• [THE DATA]:
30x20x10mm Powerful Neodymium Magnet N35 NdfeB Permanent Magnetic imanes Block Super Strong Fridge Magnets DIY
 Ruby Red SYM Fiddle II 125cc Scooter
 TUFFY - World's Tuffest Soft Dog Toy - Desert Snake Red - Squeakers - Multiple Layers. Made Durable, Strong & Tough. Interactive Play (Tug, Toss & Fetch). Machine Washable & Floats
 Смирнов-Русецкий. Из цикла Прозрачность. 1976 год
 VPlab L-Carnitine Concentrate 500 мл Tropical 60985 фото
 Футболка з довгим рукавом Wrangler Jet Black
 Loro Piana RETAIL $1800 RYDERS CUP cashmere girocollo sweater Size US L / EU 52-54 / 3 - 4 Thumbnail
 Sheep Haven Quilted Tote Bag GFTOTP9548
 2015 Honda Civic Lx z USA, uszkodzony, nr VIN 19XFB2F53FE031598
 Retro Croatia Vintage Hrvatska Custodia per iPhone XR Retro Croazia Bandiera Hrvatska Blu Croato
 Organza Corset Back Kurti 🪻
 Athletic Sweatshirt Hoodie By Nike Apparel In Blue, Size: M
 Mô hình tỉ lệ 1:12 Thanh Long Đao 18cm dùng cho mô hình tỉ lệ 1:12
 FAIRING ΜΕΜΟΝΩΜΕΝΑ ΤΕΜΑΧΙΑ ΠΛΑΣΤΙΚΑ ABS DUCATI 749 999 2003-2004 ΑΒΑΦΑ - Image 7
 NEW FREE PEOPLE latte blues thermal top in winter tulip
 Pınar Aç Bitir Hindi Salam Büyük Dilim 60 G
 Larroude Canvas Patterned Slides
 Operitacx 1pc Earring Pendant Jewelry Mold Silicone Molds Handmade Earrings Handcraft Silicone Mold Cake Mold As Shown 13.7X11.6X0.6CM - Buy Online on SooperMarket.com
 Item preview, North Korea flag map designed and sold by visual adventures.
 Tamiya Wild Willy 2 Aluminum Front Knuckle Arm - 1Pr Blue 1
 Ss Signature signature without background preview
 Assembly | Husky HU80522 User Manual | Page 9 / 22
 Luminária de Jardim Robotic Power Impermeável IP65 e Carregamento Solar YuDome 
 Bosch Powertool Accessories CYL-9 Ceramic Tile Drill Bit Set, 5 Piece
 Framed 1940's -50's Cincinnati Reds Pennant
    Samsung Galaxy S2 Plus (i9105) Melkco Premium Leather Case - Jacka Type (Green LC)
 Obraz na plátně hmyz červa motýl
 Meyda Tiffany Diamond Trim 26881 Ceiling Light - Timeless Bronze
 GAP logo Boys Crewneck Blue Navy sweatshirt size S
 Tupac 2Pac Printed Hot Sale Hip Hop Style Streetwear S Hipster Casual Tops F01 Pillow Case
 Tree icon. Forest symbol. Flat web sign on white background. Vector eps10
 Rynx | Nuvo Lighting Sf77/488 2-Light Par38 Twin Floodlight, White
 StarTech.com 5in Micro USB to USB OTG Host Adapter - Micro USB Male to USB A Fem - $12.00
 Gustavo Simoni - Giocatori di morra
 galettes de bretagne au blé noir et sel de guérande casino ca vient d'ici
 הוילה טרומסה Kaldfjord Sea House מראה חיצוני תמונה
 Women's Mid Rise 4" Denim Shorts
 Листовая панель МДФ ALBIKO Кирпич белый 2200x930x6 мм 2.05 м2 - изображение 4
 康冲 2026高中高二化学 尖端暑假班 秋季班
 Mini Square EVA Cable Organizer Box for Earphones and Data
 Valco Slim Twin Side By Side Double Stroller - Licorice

• [WHAT THE TASK REQUIRES]: Reproduce the entries above in full, so that each one reads exactly as before.

• [RESPONSE FOR THIS EXERCISE]:
30x20x10mm Powerful Neodymium Magnet N35 NdfeB Permanent Magnetic imanes Block Super Strong Fridge Magnets DIY
 Ruby Red SYM Fiddle II 125cc Scooter
 TUFFY - World's Tuffest Soft Dog Toy - Desert Snake Red - Squeakers - Multiple Layers. Made Durable, Strong & Tough. Interactive Play (Tug, Toss & Fetch). Machine Washable & Floats
 Смирнов-Русецкий. Из цикла Прозрачность. 1976 год
 VPlab L-Carnitine Concentrate 500 мл Tropical 60985 фото
 Футболка з довгим рукавом Wrangler Jet Black
 Loro Piana RETAIL $1800 RYDERS CUP cashmere girocollo sweater Size US L / EU 52-54 / 3 - 4 Thumbnail
 Sheep Haven Quilted Tote Bag GFTOTP9548
 2015 Honda Civic Lx z USA, uszkodzony, nr VIN 19XFB2F53FE031598
 Retro Croatia Vintage Hrvatska Custodia per iPhone XR Retro Croazia Bandiera Hrvatska Blu Croato
 Organza Corset Back Kurti 🪻
 Athletic Sweatshirt Hoodie By Nike Apparel In Blue, Size: M
 Mô hình tỉ lệ 1:12 Thanh Long Đao 18cm dùng cho mô hình tỉ lệ 1:12
 FAIRING ΜΕΜΟΝΩΜΕΝΑ ΤΕΜΑΧΙΑ ΠΛΑΣΤΙΚΑ ABS DUCATI 749 999 2003-2004 ΑΒΑΦΑ - Image 7
 NEW FREE PEOPLE latte blues thermal top in winter tulip
 Pınar Aç Bitir Hindi Salam Büyük Dilim 60 G
 Larroude Canvas Patterned Slides
 Operitacx 1pc Earring Pendant Jewelry Mold Silicone Molds Handmade Earrings Handcraft Silicone Mold Cake Mold As Shown 13.7X11.6X0.6CM - Buy Online on SooperMarket.com
 Item preview, North Korea flag map designed and sold by visual adventures.
 Tamiya Wild Willy 2 Aluminum Front Knuckle Arm - 1Pr Blue 1
 Ss Signature signature without background preview
 Assembly | Husky HU80522 User Manual | Page 9 / 22
 Luminária de Jardim Robotic Power Impermeável IP65 e Carregamento Solar YuDome 
 Bosch Powertool Accessories CYL-9 Ceramic Tile Drill Bit Set, 5 Piece
 Framed 1940's -50's Cincinnati Reds Pennant
    Samsung Galaxy S2 Plus (i9105) Melkco Premium Leather Case - Jacka Type (Green LC)
 Obraz na plátně hmyz červa motýl
 Meyda Tiffany Diamond Trim 26881 Ceiling Light - Timeless Bronze
 GAP logo Boys Crewneck Blue Navy sweatshirt size S
 Tupac 2Pac Printed Hot Sale Hip Hop Style Streetwear S Hipster Casual Tops F01 Pillow Case
 Tree icon. Forest symbol. Flat web sign on white background. Vector eps10
 Rynx | Nuvo Lighting Sf77/488 2-Light Par38 Twin Floodlight, White
 StarTech.com 5in Micro USB to USB OTG Host Adapter - Micro USB Male to USB A Fem - $12.00
 Gustavo Simoni - Giocatori di morra
 galettes de bretagne au blé noir et sel de guérande casino ca vient d'ici
 הוילה טרומסה Kaldfjord Sea House מראה חיצוני תמונה
 Women's Mid Rise 4" Denim Shorts
 Листовая панель МДФ ALBIKO Кирпич белый 2200x930x6 мм 2.05 м2 - изображение 4
 康冲 2026高中高二化学 尖端暑假班 秋季班
 Mini Square EVA Cable Organizer Box for Earphones and Data
 Valco Slim Twin Side By Side Double Stroller - Licorice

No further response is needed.